The following is simply my type-safety invariant. I write this immediately, as I’m working through the specification. This just saves time from using all of the new operators incorrectly or just making a mistake. You could accidentally put unexpected sets in sets, use the wrong data type for a given operand, etc.

Beyond that, you have the ability to further restrict the type to the smallest possible set given the context of the domain. The start and end variables are examples of this. If a new person (integer) suddenly joins the fray, I’ve definitely made a mistake.

TypeInvariant ==
  /\ time \in Int
  /\ torchStart \in BOOLEAN
  /\ start \subseteq People
  /\ end \subseteq People
  /\ start \union end = People \* Make sure all are accounted for in the system

I decided on a “bait” invariant meaning, “all people can’t get to the other side within the time limit”.

\* An invariant to determine a possible solution via proof by
\* contradiction.
Unsolvable == ~(time <= TimeLimit /\ end = People)
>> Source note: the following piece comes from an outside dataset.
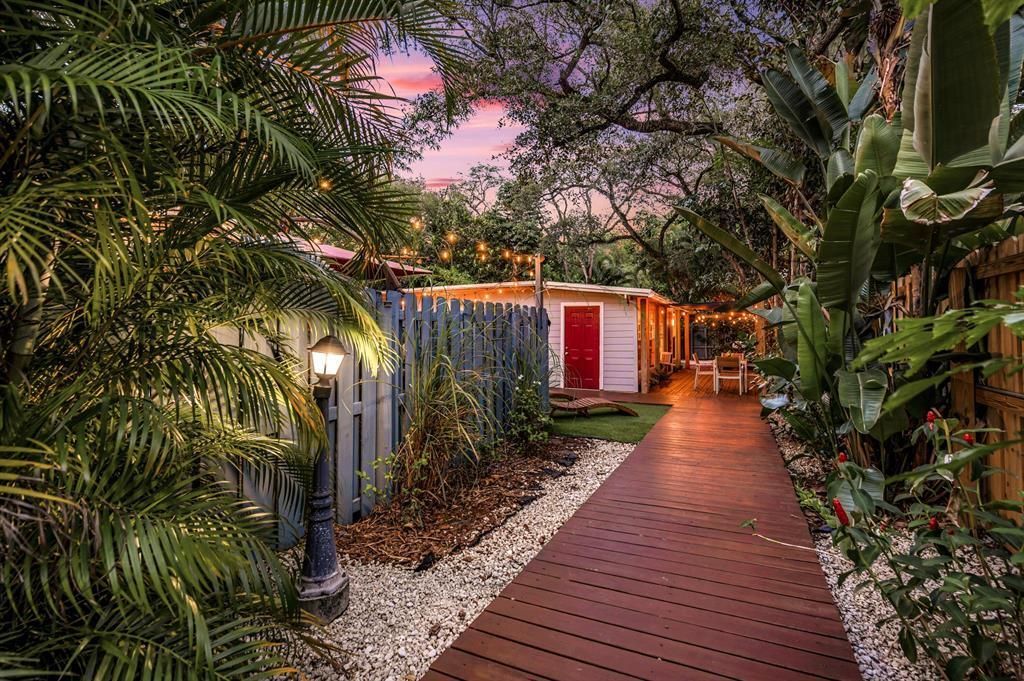 312 SW 12th Avenue, Fort Lauderdale, FL 33312 Photo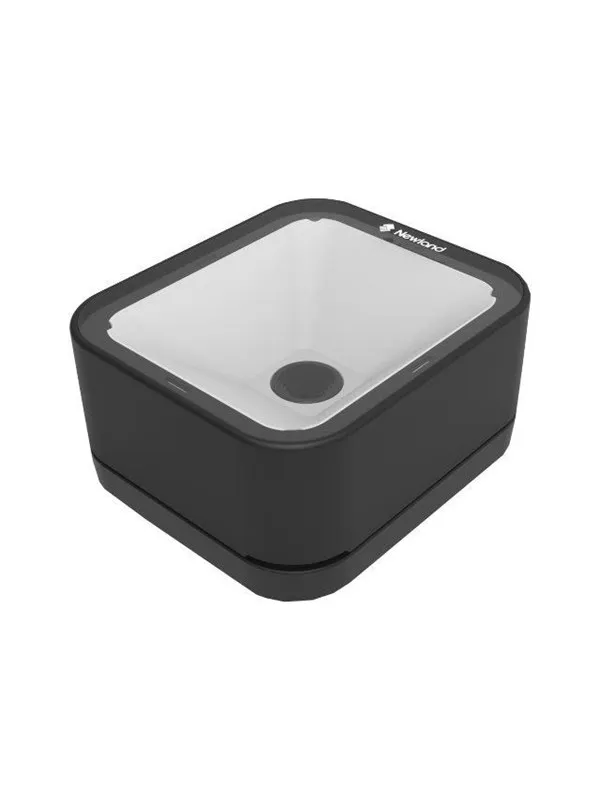 Newland FR27 Urchin - 2D - Barcode Scanner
Originally, I had the contradiction as a liveness property. However, violated liveness properties are not captured by name in TLC – any violation halts with a trace and a generic exception.

\* Eventually, the elapsed time is greater than the time limit.
Unsolvable == <>(time > TimeLimit)

The final Spec action is as below. It indicates that a valid state graph:

  1. Satisfies the Init predicate (definition).
  2. Always satisfies either the Next action, or all variables (those in the sequence vars) remain unchanged.
\* I prefer putting this below the VARIABLES definition at the start
vars == <<start, end, torchStart, time>>

Spec == Init /\ [][Next]_vars

If you use the liveness property instead of the invariant, you’ll need to specify a form of fairness, otherwise the behaviour could stutter indefinitely. In short, you’ll need to add:

Spec == Init /\ [][Next]_vars /\ WF_vars(Next)

If you need a detailed explanation, this post on fairness is great.

Finally, this is the counter-example that is found. The trick is that you send over the two fastest people, return with either, send over the two slowest people, return with the fastest at the end, and finally send the two fastest. In other words, there are two counter-examples, but the model checker produced one, which is enough.

\* State 1
/\ time = 0
/\ end = {}
/\ torchStart = TRUE
/\ start = {1, 2, 5, 8}

\* State 2
/\ time = 2
/\ end = {1, 2}
/\ torchStart = FALSE
/\ start = {5, 8}

\* State 3
/\ time = 3
/\ end = {2}
/\ torchStart = TRUE
/\ start = {1, 5, 8}

\* State 4
/\ time = 11
/\ end = {2, 5, 8}
/\ torchStart = FALSE
/\ start = {1}

\* State 5
/\ time = 13
/\ end = {5, 8}
/\ torchStart = TRUE
/\ start = {1, 2}

\* State 6
/\ time = 15
/\ end = {1, 2, 5, 8}
/\ torchStart = FALSE
/\ start = {}

If you set the time limit to 14, for example, then you won’t find a counter-example and the problem is in fact unsolvable.

Finally, if you want to run this yourself, my configuration file (MCbridgetorchproblem.cfg):

SPECIFICATION
  Spec

CONSTANTS
  People <- ConstPeople
  TimeLimit = 15

INVARIANT
  TypeInvariant
  Unsolvable

CHECK_DEADLOCK
  FALSE

And my TLA model file (MCbridgetorchproblem.tla):

---- MODULE MCbridgetorchproblem ----
EXTENDS bridgetorchproblem

\* A set of uniquely named records could be used to allow duplicate walking
\* durations. Such as:
\*
\* { [name |-> "A", duration |-> 1], ... }
ConstPeople == {1, 2, 5, 8}
====
  1. Hillel Wayne’s https://learntla.com/ is a great starting point for programmers.
  2. Leslie Lamport, the creator of TLA+, has numerous resources and links on his page.

Footnotes

  1. I’ve had the least resistance by learning a bit of PlusCal through Hillel Wayne’s writing, then starting on TLA+. 

  2. An action is a predicate that describes how the state changes. I may be wrong, but I interpret this to mean all predicates are actions, but actions are not predicates. I may misuse these throughout, but I tried to be specific when referring to either.